I arrive at the Ganges as the sun begins to cast its glow over the waking city. The river runs purple and its banks gleam a shimmering gold. All around is the sound of music, ringing bells and chanting as Varanasi comes alive in a mad frenzy of devotion. I watch a man walk into the river, arms outstretched, a look of ecstasy on his face as he calls out “Ganga”. I am overwhelmed by the intensity of emotion – this is no ordinary river.
I find a teastand and sit down, enjoying the sweet spicy brew. An old man sit next to me. “Did you know that this is the oldest city in the world? He asks. “It is the center of all knowledge and wisdom, he who searches for answers will find them here is Varanasi”. For thousands of years people have come to worship and offer their prayers to the river Goddess. A dip in the holy waters of Varanasi is said to wash away all sins.
The Old city is centered on the Ghats, the sixty three steps that lead down to the river and provide the focal point for locals and pilgrims alike. For many the day begins with a dip in the river. Children play, grown men play like children, laundry wallahs beat the dirt out of their clothes, buffaloes wallow. Holy men chant and pray.
I am staying in a faded pink palace on the riverfront. My room is in an octagonal tower with a thirty foot domed ceiling. The branches of a banyan tree drape across the roof and provide the home and playground for an extended family of cheeky monkeys. One of them has just stolen my cigarettes and is leering down at me with three of them hanging from its mouth. The building is old and decrepit yet retains its regal air and I feel like a Maharaja princess as I sit on my balcony , intoxicated by the sights and sounds.
Below I watch the buffalo languish in the water and a man lovingly wash each and everyone. After, they gracefully heave their huge bodies out of the water, one saunters up to an old lady washing her pots and pans, she chases him away with a big metal spoon. A withered old man slowly makes his way up the steps, in half an hour he has only managed about twenty. A woman dressed in a fluoro orange sari seems to glide up the steps , balancing a basket of dried cow pats on her head. An ash smeared holy man sits meditating by the river, his trident by his side. A small boy sees me and yells with delight, “one rupee, one rupee” as his hand is outstretched. I have now been spotted and a chorus of “Hello Madam” ensues from a group of men bathing in the shallows. The manager pays me a visit and warns me about sitting too close to the edge of the balcony, its walls are low and he tells me of a tourist who fell off. “Bad for business” I say and he replies “No Madam, bad for the girl, she was nice”
The old city is formed by a maze of alley ways, the atmosphere is distinctly medieval, especially in the evenings when the power fails and the only light comes from candles. The air is thick with the sweet, heady smell of incense and the slightly more aroma of cow manure. Huge, humped cows meander along, the streets are so narrow and the cows so big, at times you have to back up or squeeze into a doorway to let them pass.
Every few meters there is a shrine or temple and people pray with a passionate devotion.

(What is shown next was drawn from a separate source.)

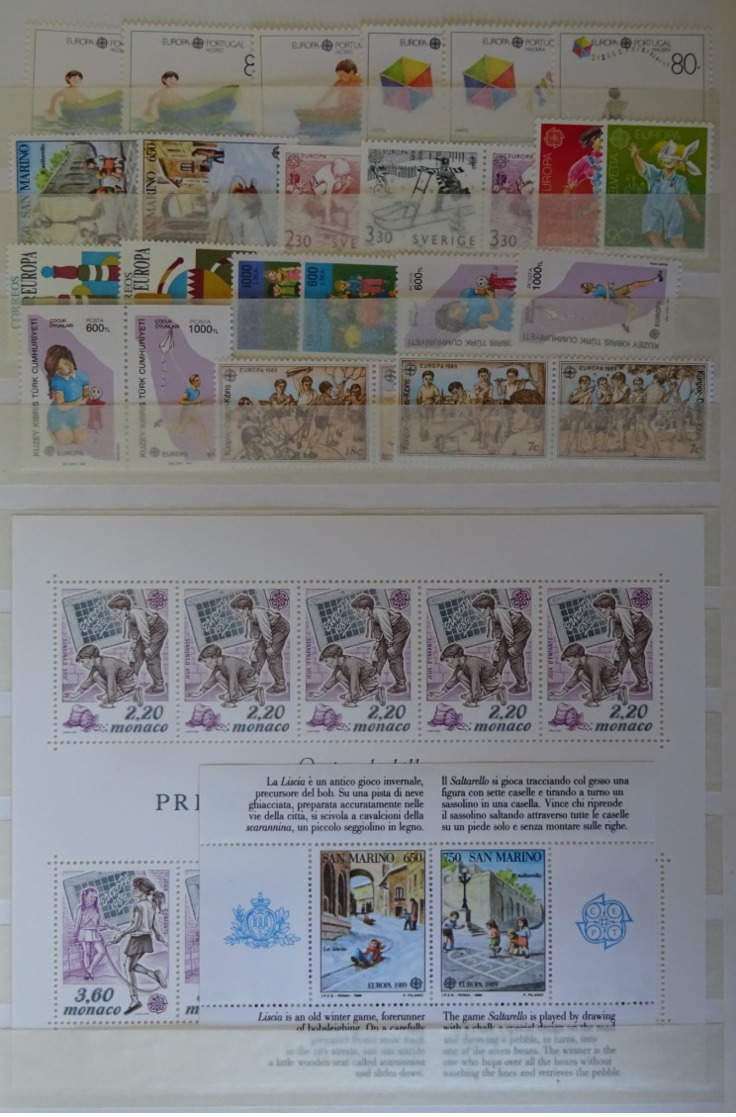 EUROPA CEPT  1989 COMPLETE YEARSET MNH**. INCLUDING 2 BOOKLETS. CHILDREN, TOYS, GAMES. - Komplette Jahrgänge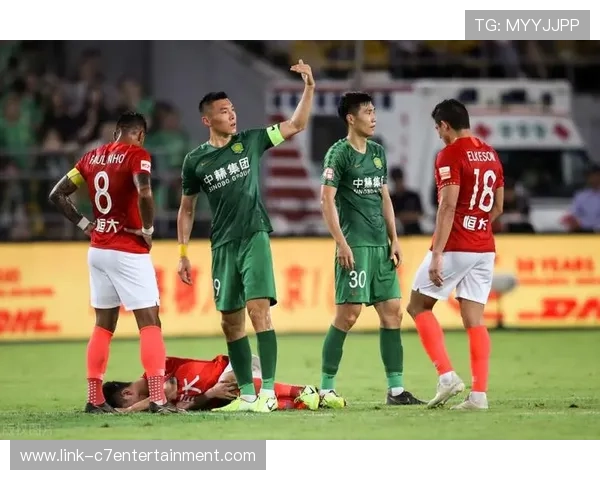 篮球联赛激烈角逐 新星球员连续三场创个人纪录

This is the holiest of all India’s cities and is very much the city of Shiva – India’s omnipotent all powerful and much loved God. As legend has it, when Shiva’s wife Parvatti died he built a fire by the banks of the Ganges in order to burn her body and Varanasi is deemed an auspicious place to die. To burn on the fires here is to be assured of a direct route to heaven. The burning ghats, with their huge funeral pyres are a compelling sight for the first time visitor , but to the people of Varanasi are just another part of the inevitable cycle of life and death. Mother Theresa’s Hospice sits directly behind the ghats, it is a place shrouded in death where people waiting to die collect donations in order to buy firewood, so that when their time comes they too may burn on the holy fires of Varanasi.
As darkness descends, the river fills with floating candles and flowers, offerings to the River Goddess. My heart and spirit have been captured by the “City of Light”. But when I see the children playing in the river, drinking the water and nearby the rotting flesh of a corpse I am reminded that there is a dark side to everything.